どうやら、半分意識を同化させていると、ベースとなる俺の意識にジガルガの意識がくっつくような形になるらしく、普通に一晩ぐっすりと寝るだけで、翌日も元気に行動できるようだ(なぜそうなるかという理屈を、ジガルガが丁寧に解説してくれたが、もちろん俺の知能では理解できなかった)。
「すぅー……はぁー……よし、とりあえず、昼飯前の練習は、ここまでにしておくか」
その日も例の広場にて、午前中の練習を終え、俺は気持ちを整えるように、深呼吸をしていた。
ちなみに、ジムでやらないのは、あまり目立ちたくないからだ。
まだまだ未熟者の俺が、突然達人のような動きをしていたら、色々と注目を集めてしまうだろう。
まあ、別に目立って困ることもないのだが、できれば静かに集中して練習したいので、すっかり馴染みとなったこの広場が、俺のお気に入りということである(なんたって、ジムと違って利用料はタダだし)。
『うむ。これで、達人級の基本的な身のこなしと、達人級の基本技の習得は完了した。よく頑張ったな』
「うす。これもすべて、ジガルガさんのおかげっす。ただ、達人級の基本って、なんか矛盾してる気がするけど……」
『別に矛盾していない。未熟者のおこなう基本と、達人のおこなう基本は、まったく違うからな』
「はあ、そういうもんかね。あの、それで、できれば基本以上の技も教えてほしいんだけど……」
『それはやめておく方が賢明だ。以前にも言ったが、技というものは、本来こういう覚え方をするべきではない。シンプルな基本技ならまだしも、複雑な上級技の場合は、言うなれば、コピーの際のデータエラーに例えられるような弊害が起こる可能性が高く……』
「あー! わかった、わかったよ! わかったから、難しい説明をするのはやめてくれ、頭が痛くなる」
『まったく、相変わらず説明しがいのないやつだ』
「しかし、いくら達人級とはいえ、基本技だけじゃ、またアーニャが襲ってきたときに少々心もとないな……」
『それなんだが、ぬしは別に、奴と格闘技の試合をするわけではないのだから、強力な武器防具を装備すればよいのではないか? 奴は素手で軽装なのだから、それでかなり実力差は埋まると思うのだが』
あっ。
あぁっ。
ああぁぁぁぁ~っ!
そうだよ。
その通りだ。
こんな、単純で当たり前のことに気がつかなかったなんて。
ジムに通い、格闘術の習得に躍起になっていたことで、変に素手での戦いにこだわっていたが、強くなるために、強力な武器防具を身に着けるのは、もっとも基本的で確実な方法だ。

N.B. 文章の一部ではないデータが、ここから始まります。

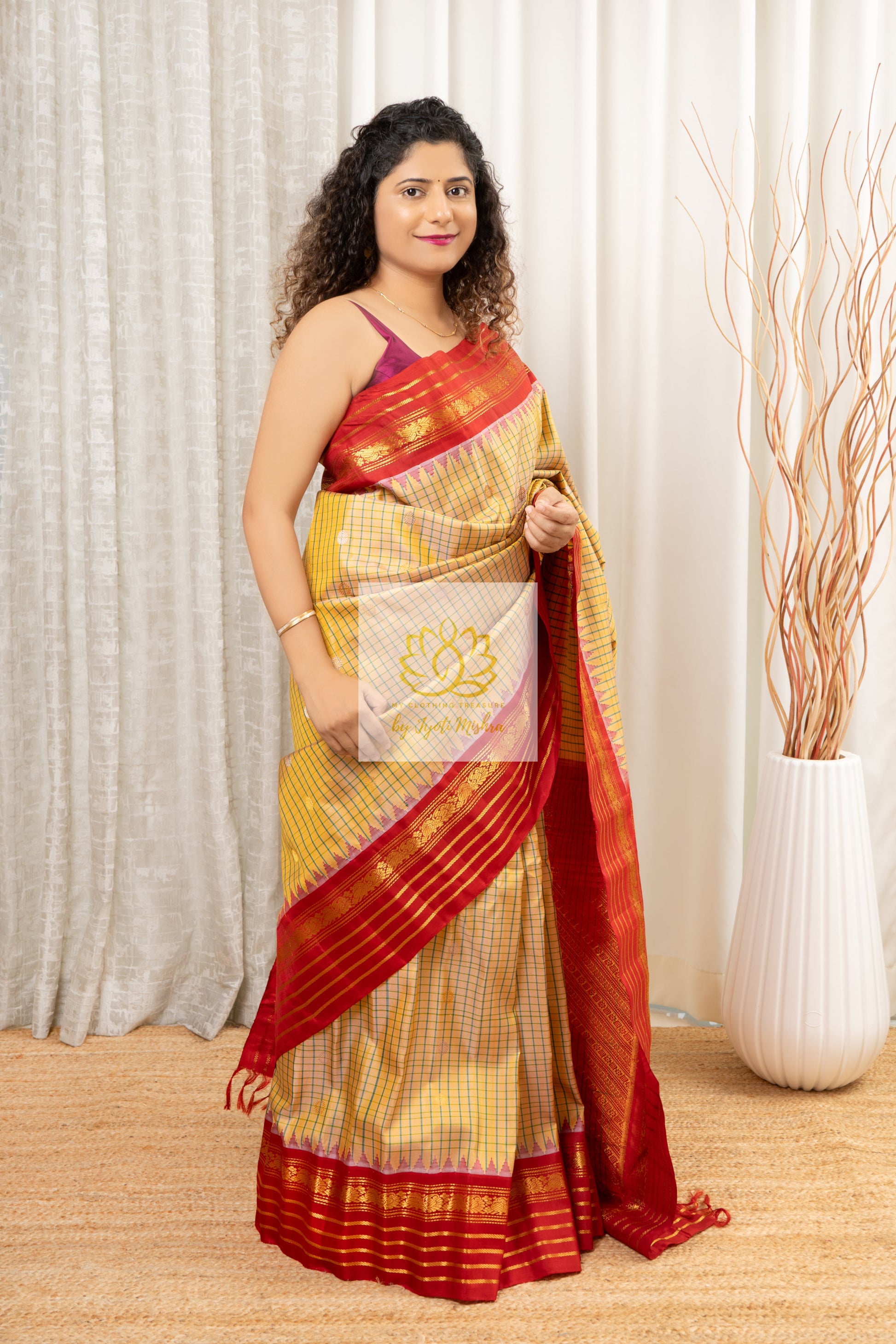 Handwoven Gadwal Pure Silk Saree - Pale Gold Saree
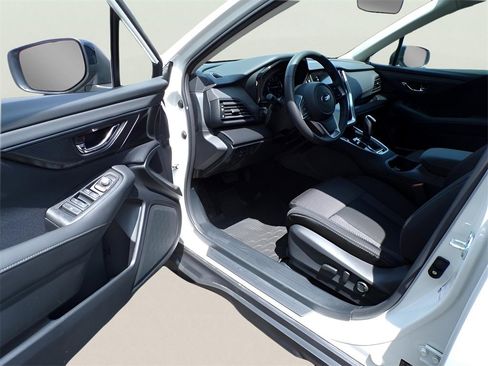 Used 2025 Subaru Outback Premium image 13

アーニャはジガルガが認めるほどの怪物なのだし、俺のような一般市民が(元魔物だけど)素手で立ち向かうなど、冷静に考えてみれば、狂気の沙汰である。
よっしゃ、思い立ったが吉日だ。
早速、超強力な武具を買いに行くとしよう。
ブロップ一家を壊滅させたときに貰った礼金がまだたんまり残っているし、相当良いものを選べるはずだ。

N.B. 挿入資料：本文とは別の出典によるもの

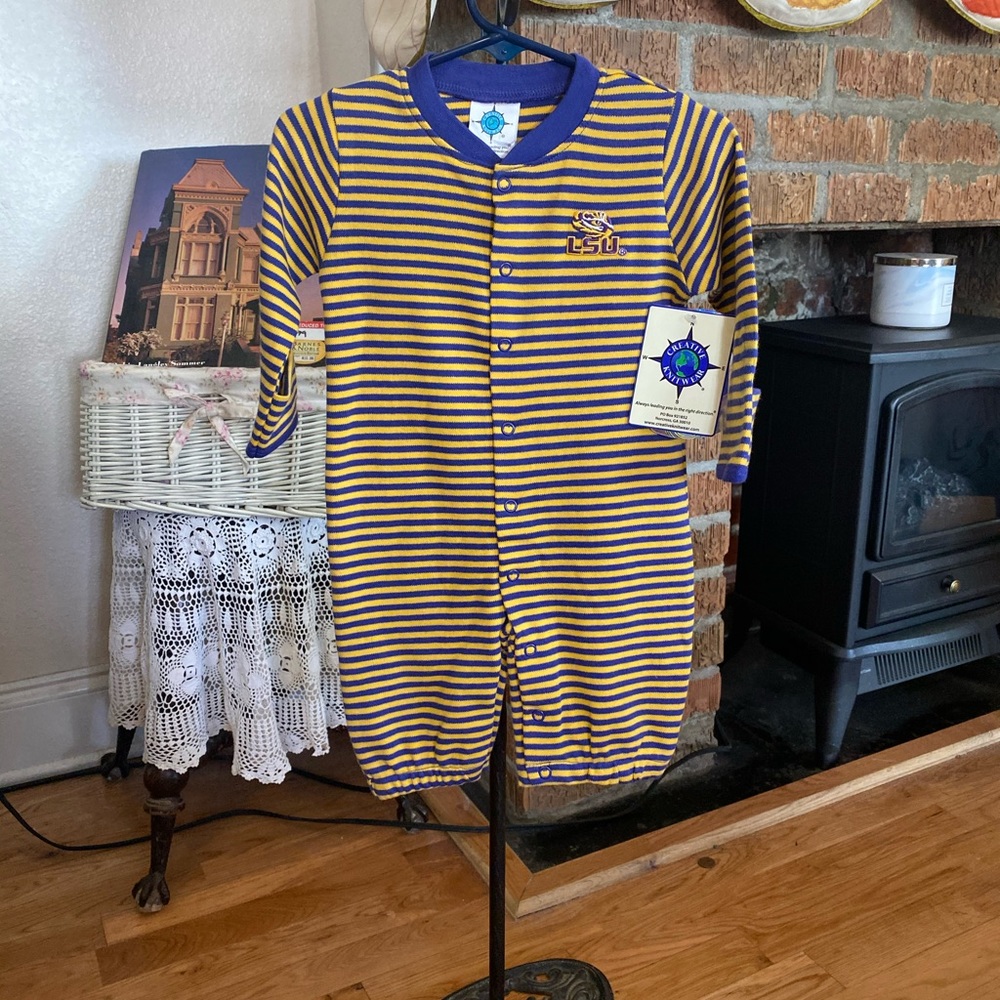 NWT CREATIVE KNITWEAR LSU TIGER INFANT LONGALL  SIZE 0-3 months - Picture 3 of 16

俺の知る限り、最高の品ぞろえの店は、以前、レニエルと一緒に買い物に行った、古道具屋である。
汗を拭き、ストレッチをすると、持ってきていた携帯食で腹を満たし、俺は古道具屋のある路地裏に向かった。
しばらくぶりだったので、店の場所がどこだったか、少々あやふやだったが、人間の記憶というのは、案外しっかりしているもので、実際に路地を歩くと、足が道順を覚えていたかのように、自然と古道具屋に到達することができた。